● What needs to be done: Exact transcription begins at the first line of the material below and ends with the line holding "Außenbereich – Detail 6"; pictures are skipped.

● Data section:
————

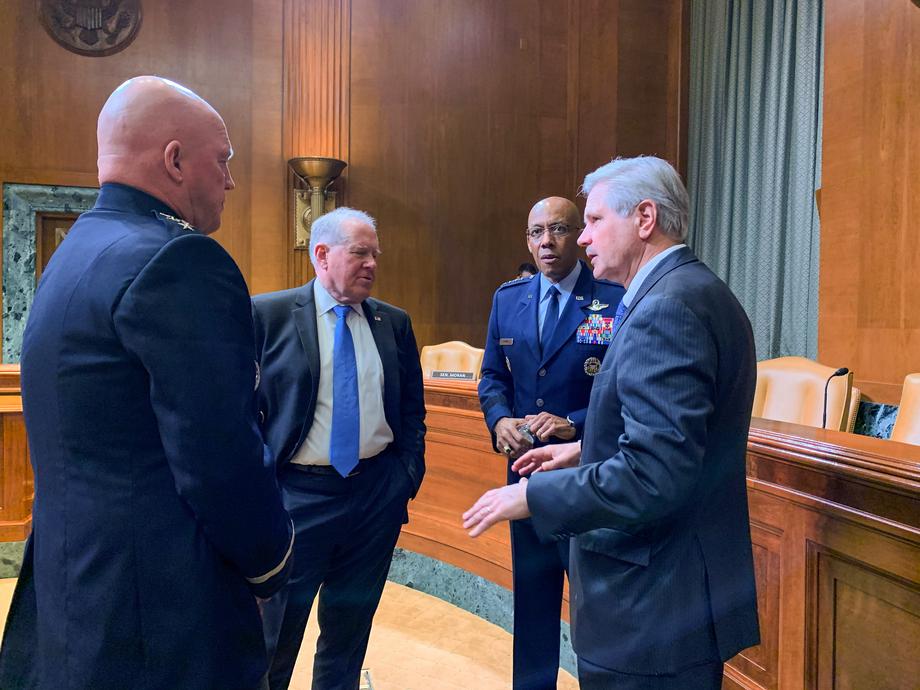 May 2022 – Senator Hoeven speaks with U.S. Space Force Chief John Raymond, Air Force Secretary Frank Kendall and Air Force Chief of Staff General Charles Brown following a SAC-D hearing.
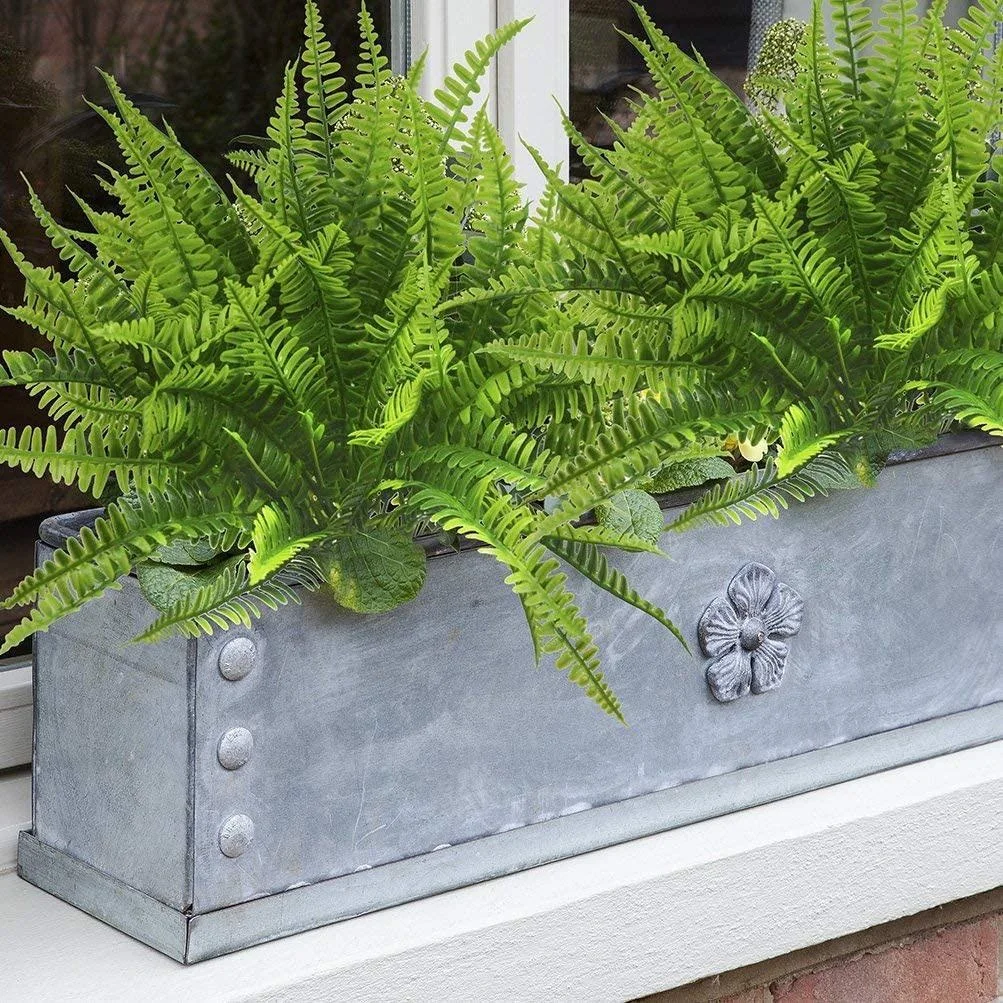 4er-Pack Künstliche Farnpflanzen, Boston-Farn-Buschpflanzen, UV-geschützt für Haus, Küche, Garten, Wanddekoration, Innen- und Außenbereich – Detail 6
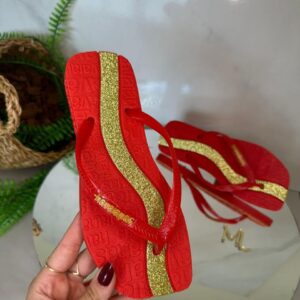 HAVAIANAS VOLGA VERMELHO E DOURADO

————

● Exercise output:
 May 2022 – Senator Hoeven speaks with U.S. Space Force Chief John Raymond, Air Force Secretary Frank Kendall and Air Force Chief of Staff General Charles Brown following a SAC-D hearing.
 4er-Pack Künstliche Farnpflanzen, Boston-Farn-Buschpflanzen, UV-geschützt für Haus, Küche, Garten, Wanddekoration, Innen- und Außenbereich – Detail 6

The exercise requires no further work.